SOURCE: "Böll—'A Miniature Dante'," in The Christian Science Monitor, Vol. 62, No. 125, April 23, 1970, p. 12.

[Heiney is an American educator, novelist, and critic. In the following review, he provides a positive assessment of Children Are Civilians Too.]

It may very well be that "national voices" in literature, as they used to be known, are disappearing. In the time of Dostoevski and Tolstoi people talked about the "Russian Soul." The German tone of Hesse and Mann, the Scandinavian mood of Hamsun and Selma LagerlÖf, the Frenchness of Paul Bourget, are unmistakably linked with their national origins. There was an "American voice" in fiction that began with Twain and Melville, and was still recognizable in the writers of the '20s and '30s.

But this is no longer so, or not to the degree that it used to be. It is a common-place to say that technology is making us all alike, making the world into a single nation, and it is evident that this law applies in literature too. These stories [Children Are Civilians Too] of Heinrich Böll, concerned with the war and the confusion of the postwar period, could easily be by any American writer of the parallel generation, an Irwin Shaw or a Norman Mailer.

The immediate reaction of the American reader is to imagine he has detected an influence. But this is too easy. We are dealing with an "international style" that was really no more caused by Hemingway than freeways were caused by the invention of cement. As with freeways, you can like it or dislike it, but there is nothing much you can do about it. It is what is happening in the world these days.

Böll writes very well. And, having suffered the war a great deal more deeply than the average Shaw or Mailer, he writes about it a little more profoundly. The best of the war tales, in this book of 26 stories, is probably the first, "Across the Bridge"—a simple anecdote turning around a fragmentary memory of the war, an image seen through a train window, "a spindly little girl of about nine or ten holding a large, clean doll and frowning up at the train." The precision and vividness of this phrase are so powerful, and yet it is so simple, that you wonder how it is done. It is done with very great skill, and a lot of hard work; it is not as easy as it looks.

This story manages to be plotless and yet have a surprise ending. A unique achievement in the history of fiction.

The war stories tend to be gloomy and horrifying; the ones set in the period after the war tend to the grotesque. Many of them are about economic difficulties: "The Man With the Knives," for instance, in which the narrator is delighted and yet terrified to get a circus job as a knifethrower's assistant—". .. all I needed to do was stand still and dream a little. For twelve or twenty seconds"—while the knives thud into the wall around him. Or "My Sad Face," in which the hero is arrested first for looking happy and then, after a change of government, for looking sad—a Kafkaesque scenario with Charlie Chaplin in the lead. The motto of the imaginary society of the future, in this story, is "Joy and Soap." All of Böll's precision, and all his sarcasm, is in this phrase.
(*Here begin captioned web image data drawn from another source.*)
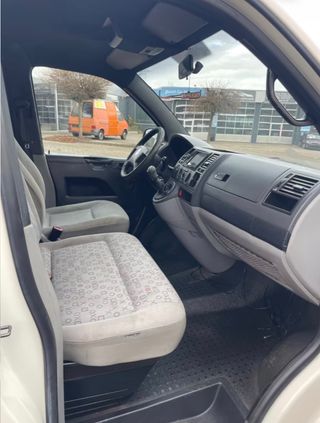 Volkswagen Transporter T5 2004 *6 asientos*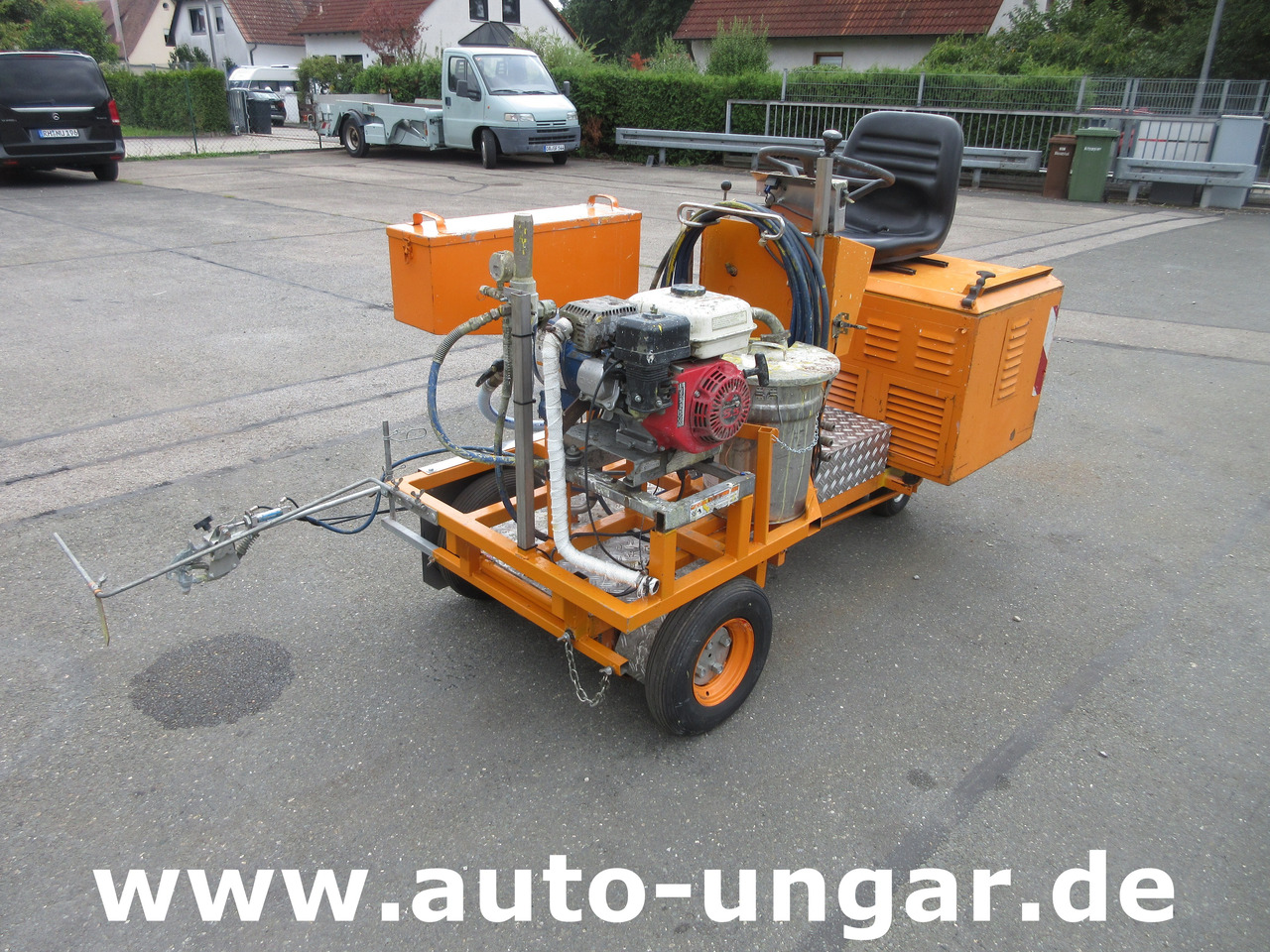 Graco LineLazer II 5900 auf Zindel VarioZet Linedriver Perlstreuer + Airless-Farb-Spritze Hofmann - آلة أسفلت: صور 2 Graco LineLazer II 5900 auf Zindel VarioZet Linedriver Perlstreuer + Airless-Farb-Spritze Hofmann - آلة أسفلت: صور 2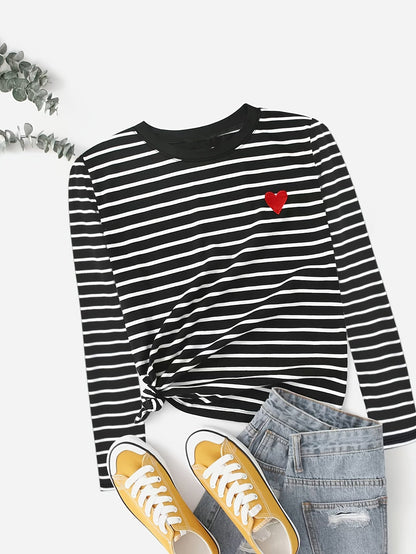 Gestreiftes Langarmshirt mit Rundhalsausschnitt und Herz-Applikation
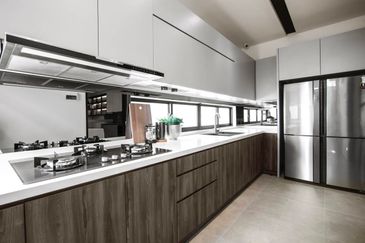 Prime Lakeside Living Semi-D Houses for 2.2M in Kota Kemuning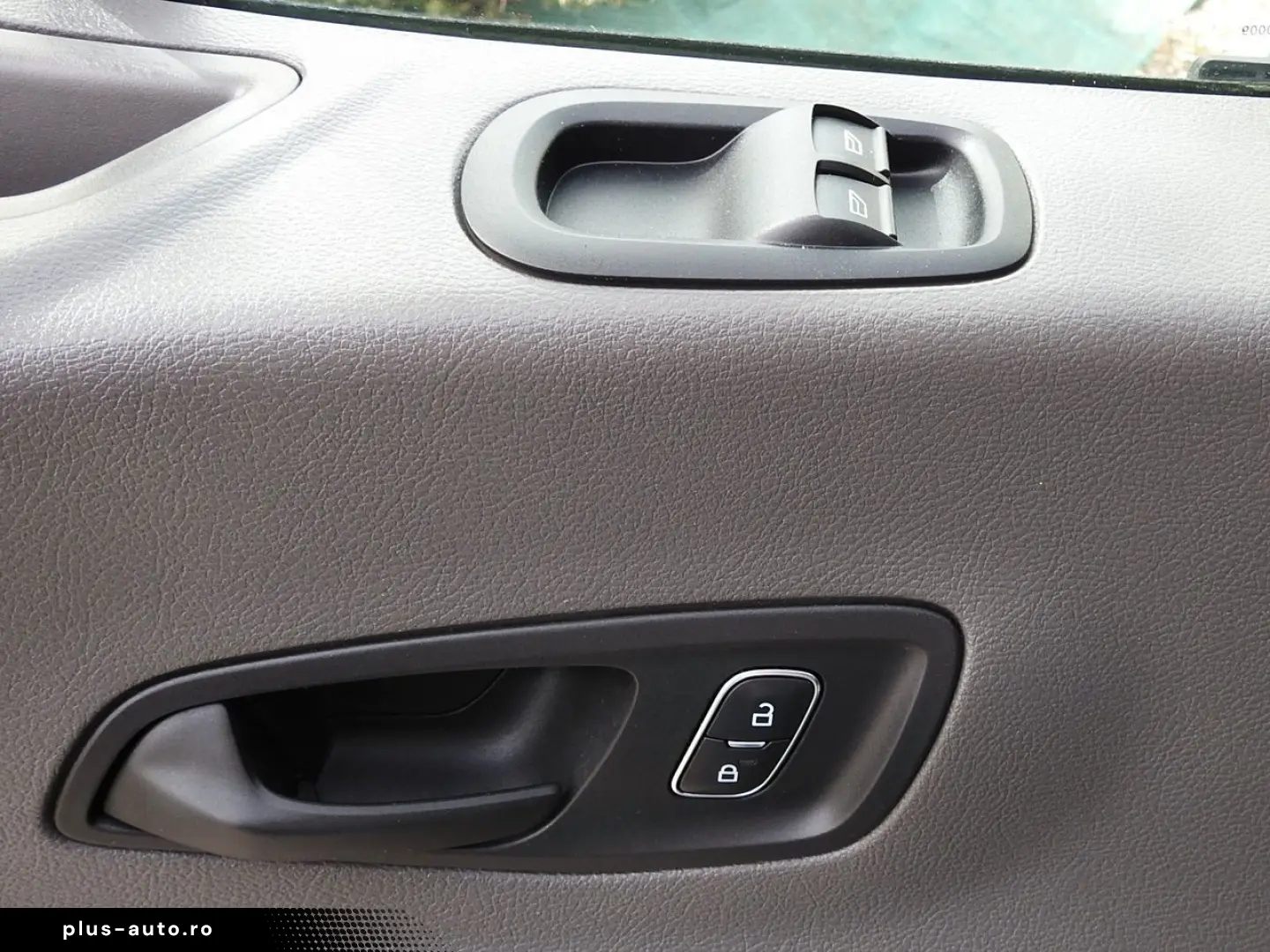 FORD TRANSIT PRITSCHE DOPPELKABINE DOKA 7 SITZE  A C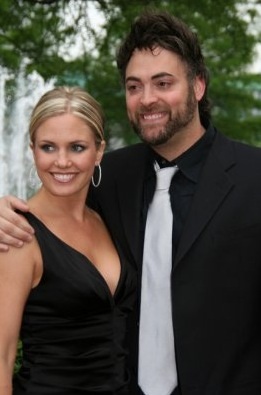 artie0058.jpg - Terri and Artie at the Gala Awards Ceremony of the 2008 Hoboken International Film Festival on June 5, 2008 (Photo by Sue Coflin)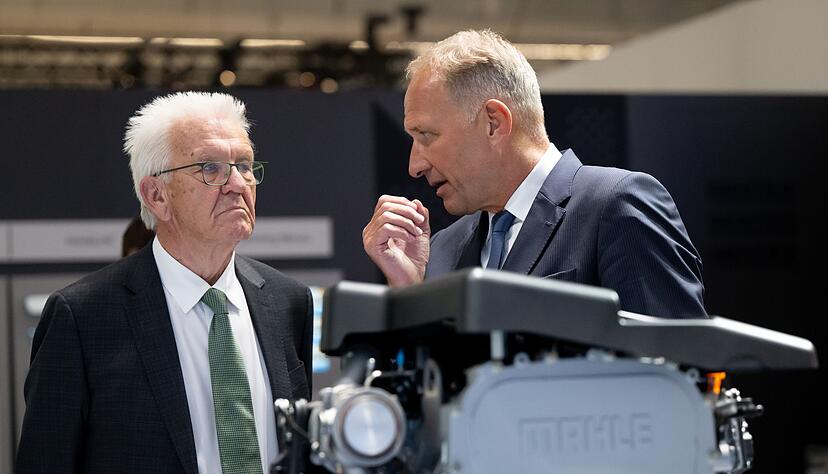 Ministerpr&auml;sident Kretschmann will der Autoindustrie mehr Flexibilit&auml;t geben. (Archivbild)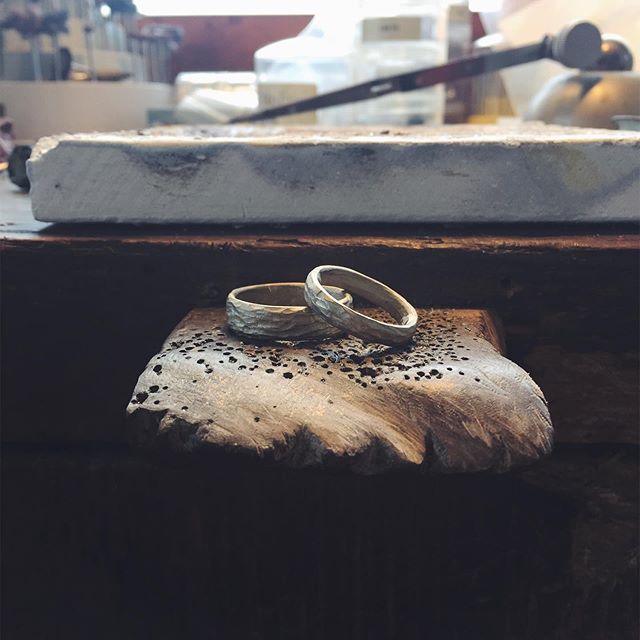 Fresh out of the casting. Working on these bb&rsquo;s today, first clean up then polish then set a bunch of sparkly diamonds. 💍💎💎💎💎💎
.
.
.
.
.
.
.
#weddingrings #workinprocess #progressshot #rings #handmadejewelry #jeweler #goldsmith #weddingba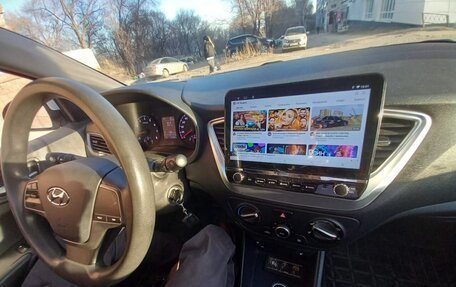 Hyundai Solaris II рестайлинг, 2017 год, 1 190 000 рублей, 3 фотография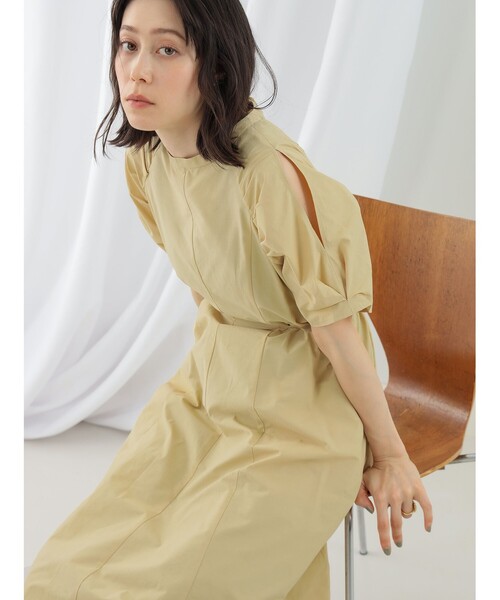 Ray BEAMS（レイビームス）の「Ray BEAMS / ショルダー スリット ワンピース（ワンピース・レディース・ブラック/クリーム/ライトブルー・0/1）」の14枚目の写真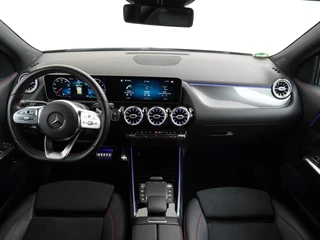 Mercedes-Benz GLA Mercedes-Benz GLA 200 AMG // Camera // Sfeerverlichting // Night Pakket // Augmented Reality // Carplay // 19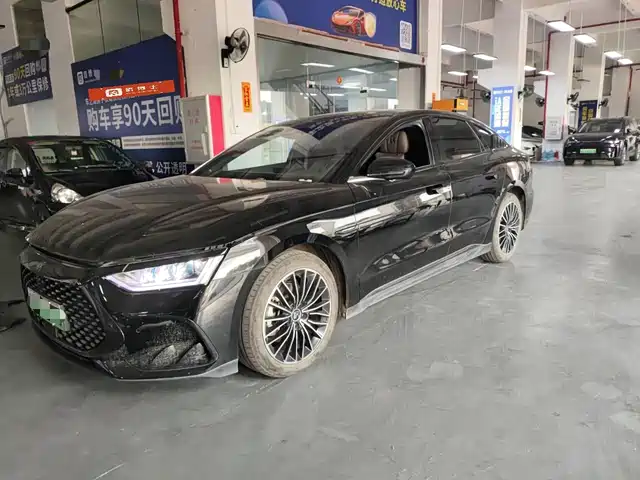 BYD HAN 2024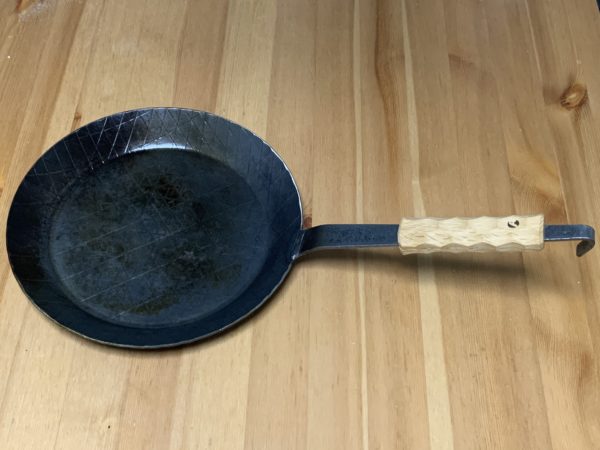 アシモクラフツ「asigrip_tk」をタークのフライパンに装着してみた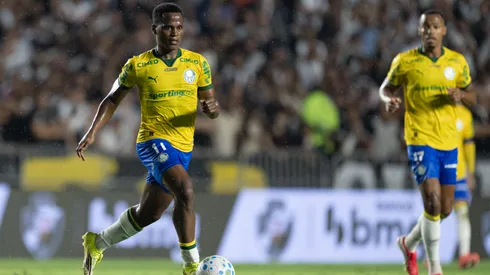 Arias jogador do Palmeiras durante partida contra o Vasco no estadio Sao Januario pelo campeonato Brasileiro A 2026.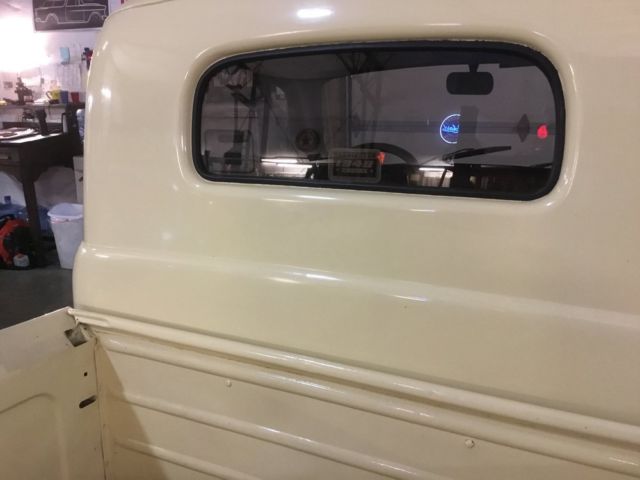 1948 Brown Ford F-100 --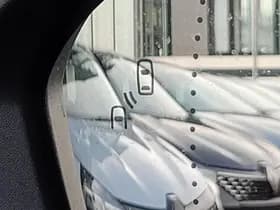 Renault Mégane E-Tech thumbnail 14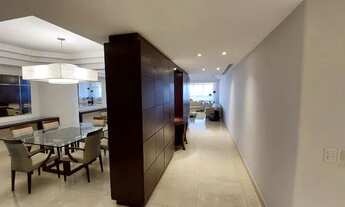 Imagem 2: Apartamento para aluguel possui 380 metros quadrados com 4 quartos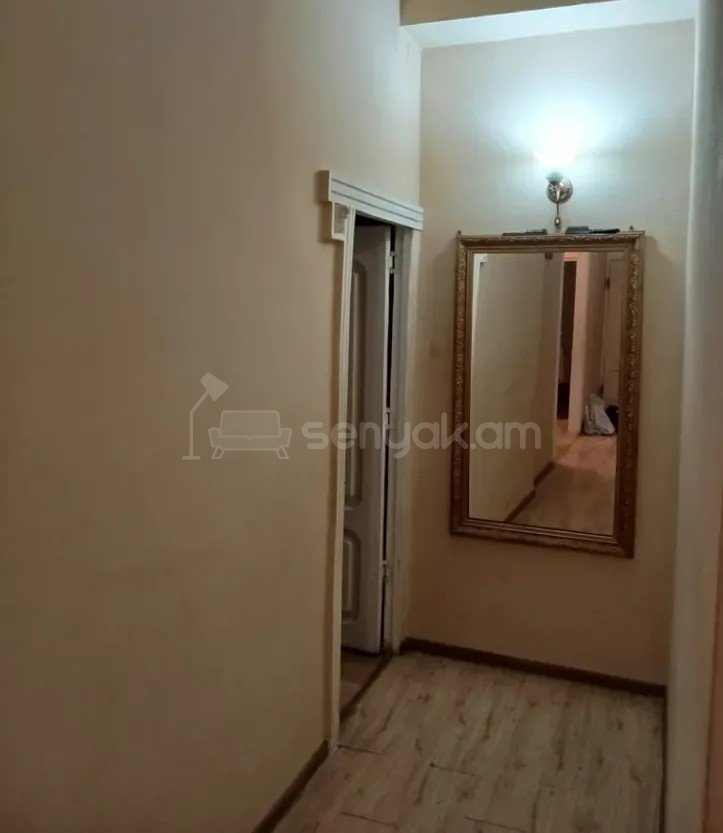 3 Սենյականոց Բնակարան Քարե Շենքում, 60քմ, 1/5 հարկ, Նորմալ Վիճակում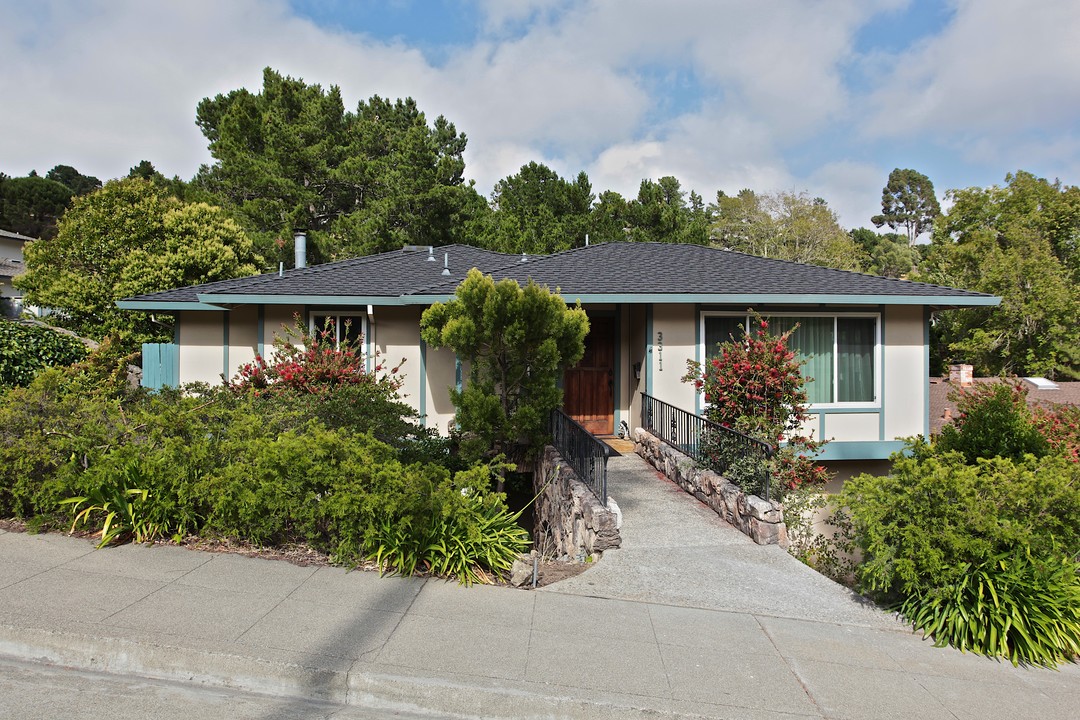 3311 Glendora Dr in San Mateo, CA - Building Photo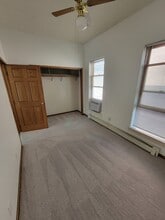 1337 Main St in Dubuque, IA - Foto de edificio - Building Photo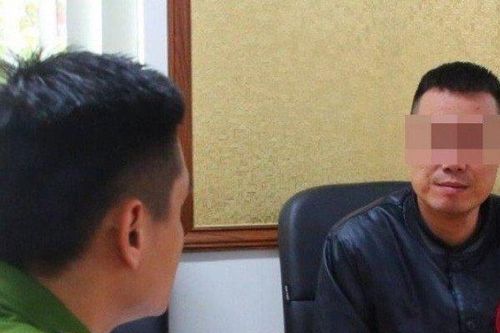 Nóng trong tuần: 2 thanh niên đi xe SH lạng lách, hành hung tài xế ô tô trên đường Vành đai 2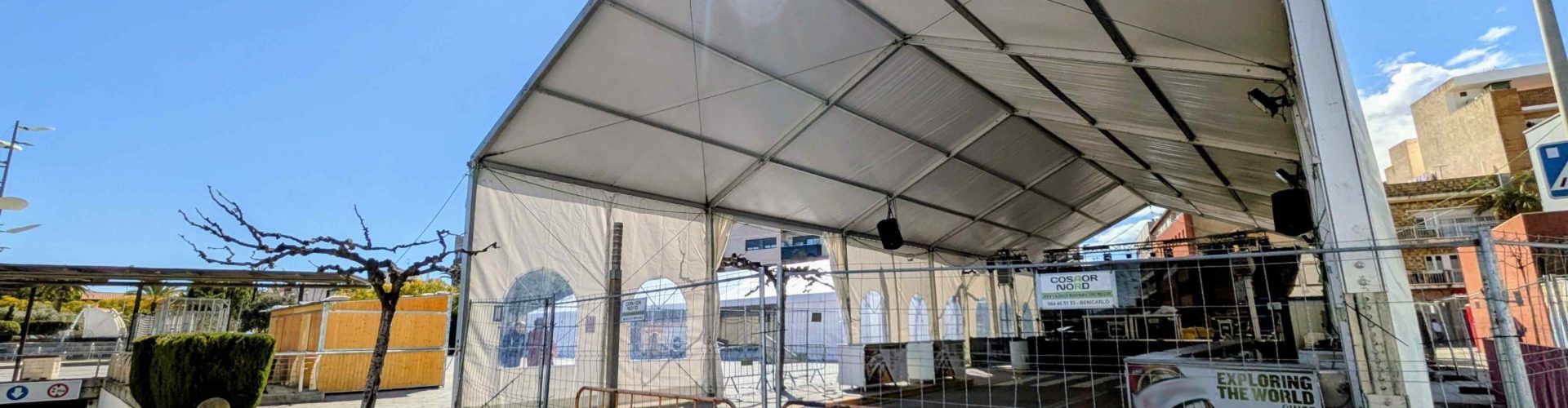 Benicarló adapta la circulació i regula els horaris dels casals i la zona blava per a les Falles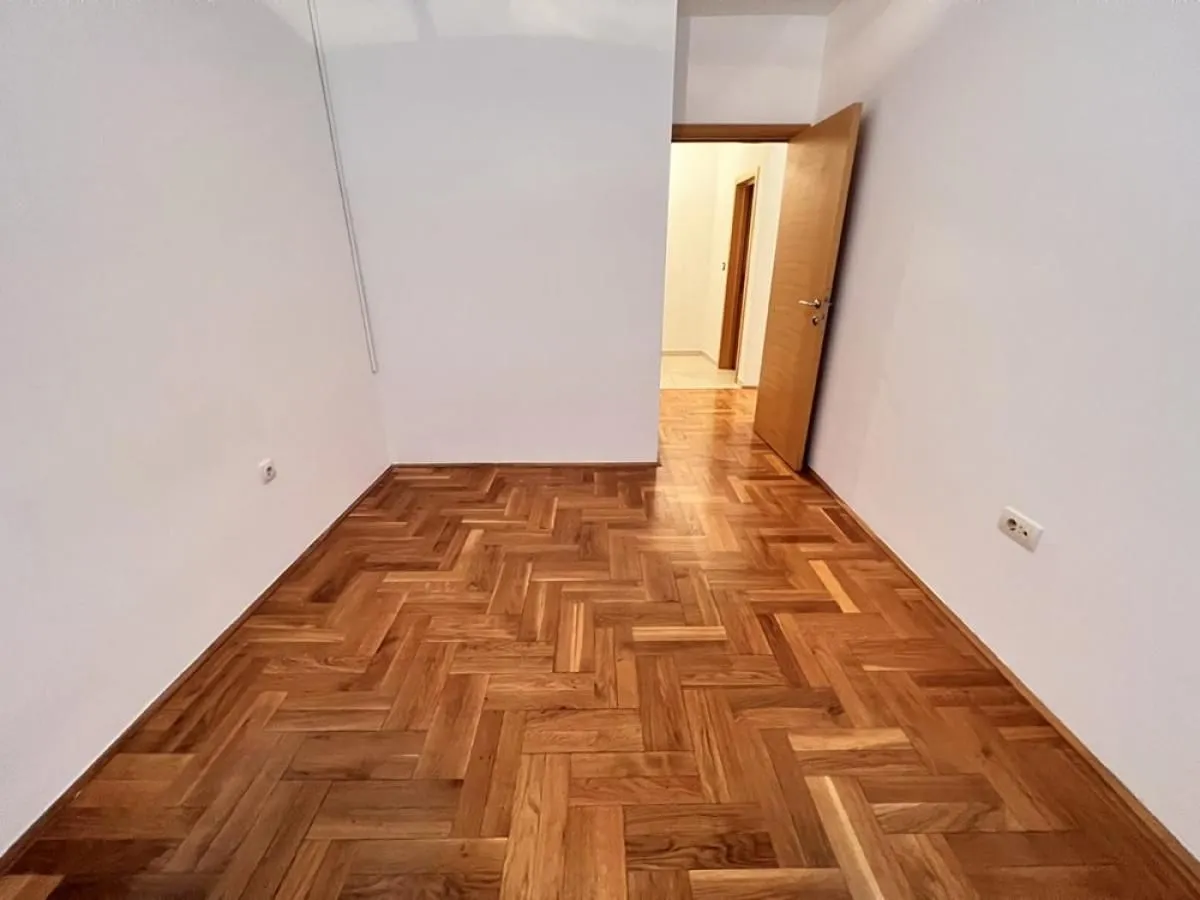 Rent, office space, 146m², Salajka, Novi Sad Sve Podlokacije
The stories date over a period from 1947 to 1951, and they are rather diverse in tone, in length, and even in quality. By working your way through them you can see the process working in Böll that operates in so many writers: he begins as a realist, then gradually acquires complexity, an idiosyncratic style, and a penchant for the fantastic or imaginative.

These are not pleasant stories. But it is a well-known paradox that art may give us pleasure even dealing with experiences that give us pain. This has been true at least since Dante, and Böll serves as a kind of miniature Dante of our time. He has no Virgil to guide him, and gets along without Beatrice; like most Germans of his generation, he has learned to mistrust authorities.